Would you restate, word for word, only the lines starting at the one with "Condo in Bradenton, Florida, 2" and ending with the final line of the entries below? Pictures stay out.
• • •
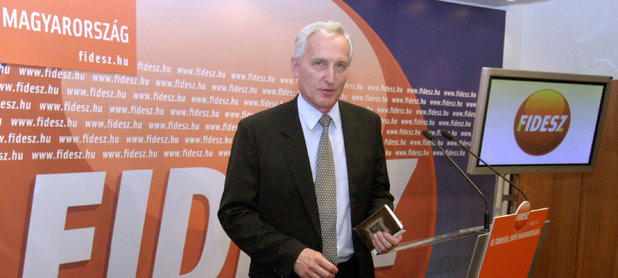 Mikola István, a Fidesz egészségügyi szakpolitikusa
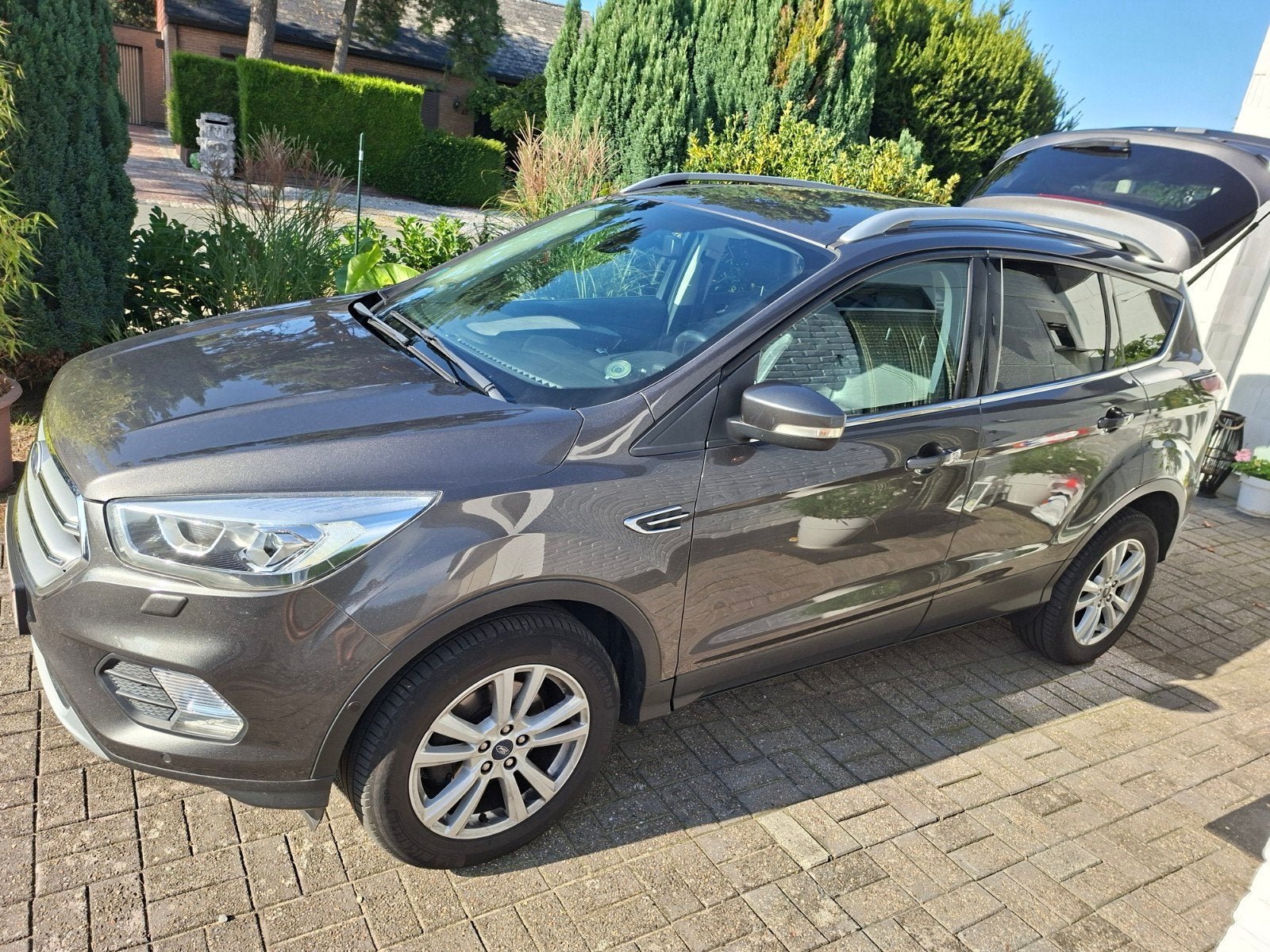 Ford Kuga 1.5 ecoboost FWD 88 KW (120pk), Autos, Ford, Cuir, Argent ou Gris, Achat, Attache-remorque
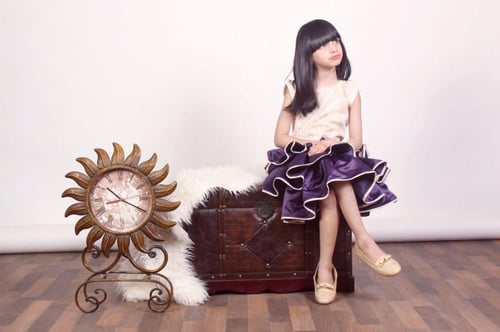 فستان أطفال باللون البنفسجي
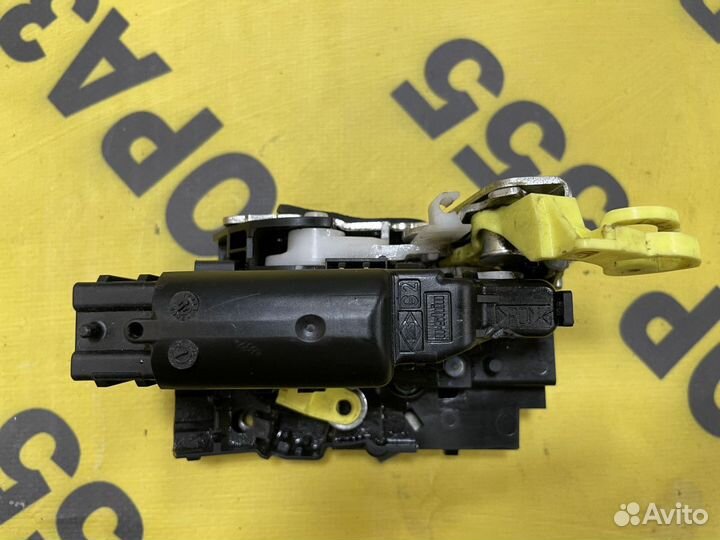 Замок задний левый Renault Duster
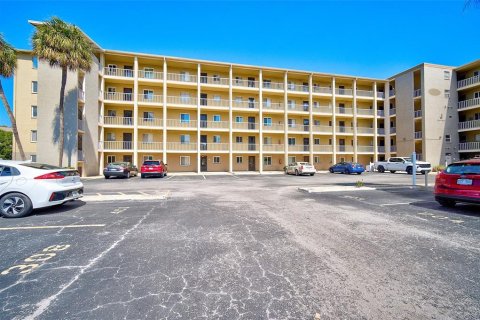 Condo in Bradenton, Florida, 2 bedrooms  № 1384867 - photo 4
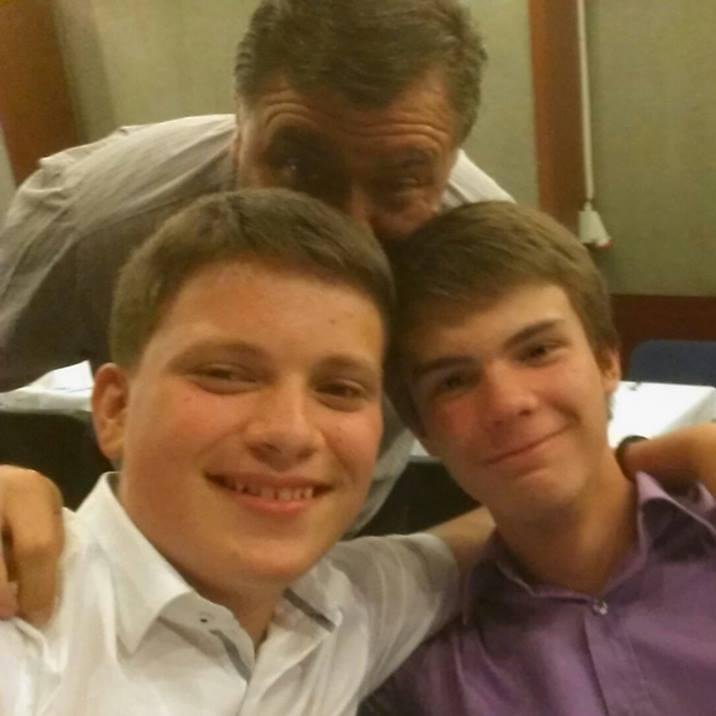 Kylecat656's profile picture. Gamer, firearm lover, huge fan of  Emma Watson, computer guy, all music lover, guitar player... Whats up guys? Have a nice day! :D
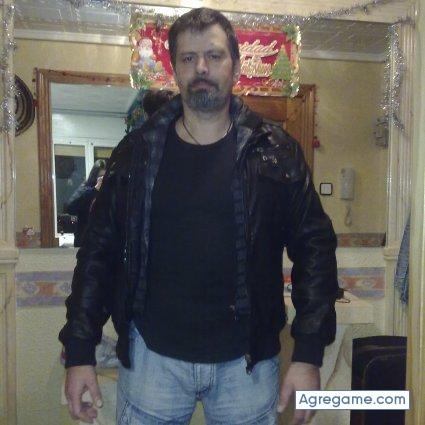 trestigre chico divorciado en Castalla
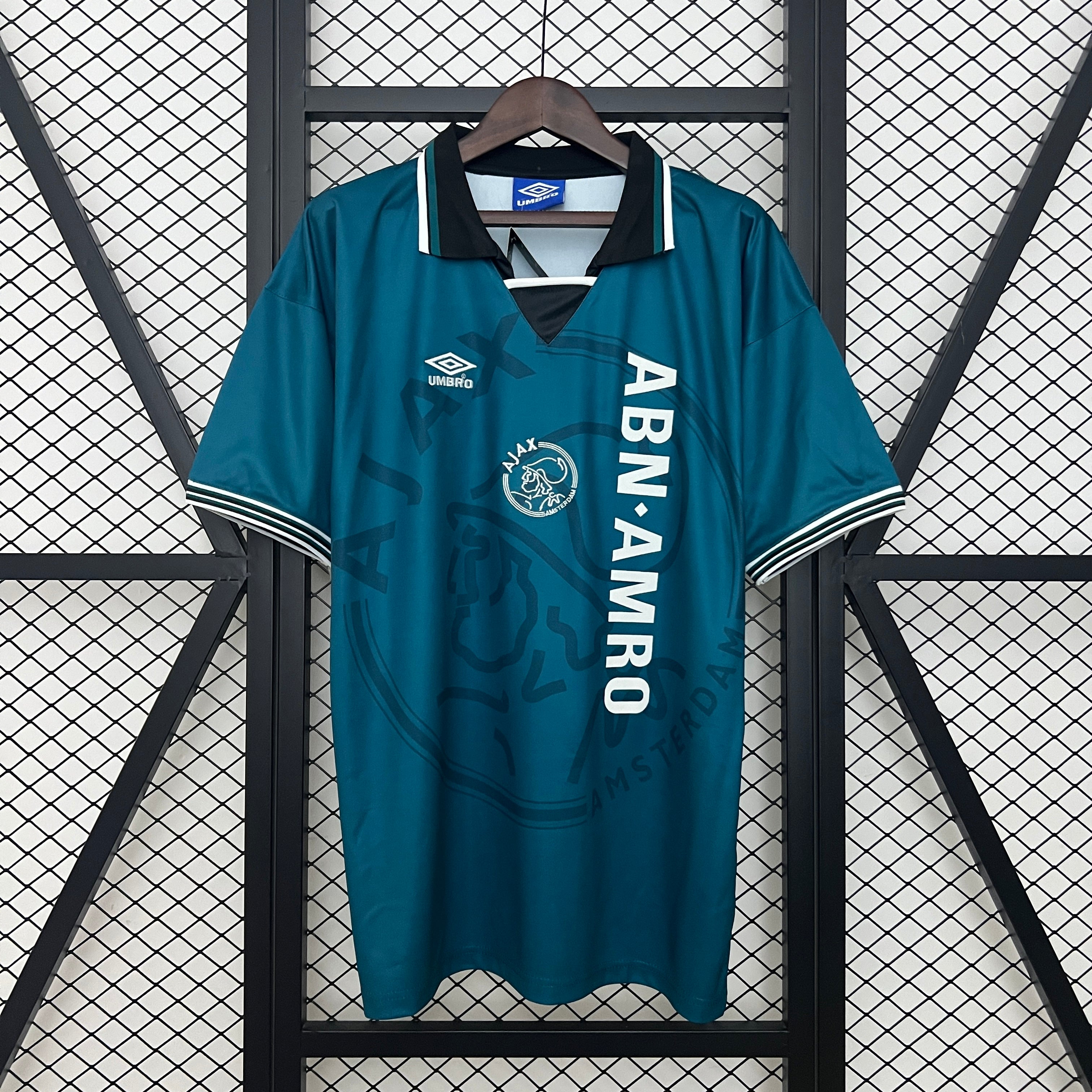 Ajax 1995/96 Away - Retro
• • •
Result of this exercise:
 Condo in Bradenton, Florida, 2 bedrooms  № 1384867 - photo 4
 Kylecat656's profile picture. Gamer, firearm lover, huge fan of  Emma Watson, computer guy, all music lover, guitar player... Whats up guys? Have a nice day! :D
 trestigre chico divorciado en Castalla
 Ajax 1995/96 Away - Retro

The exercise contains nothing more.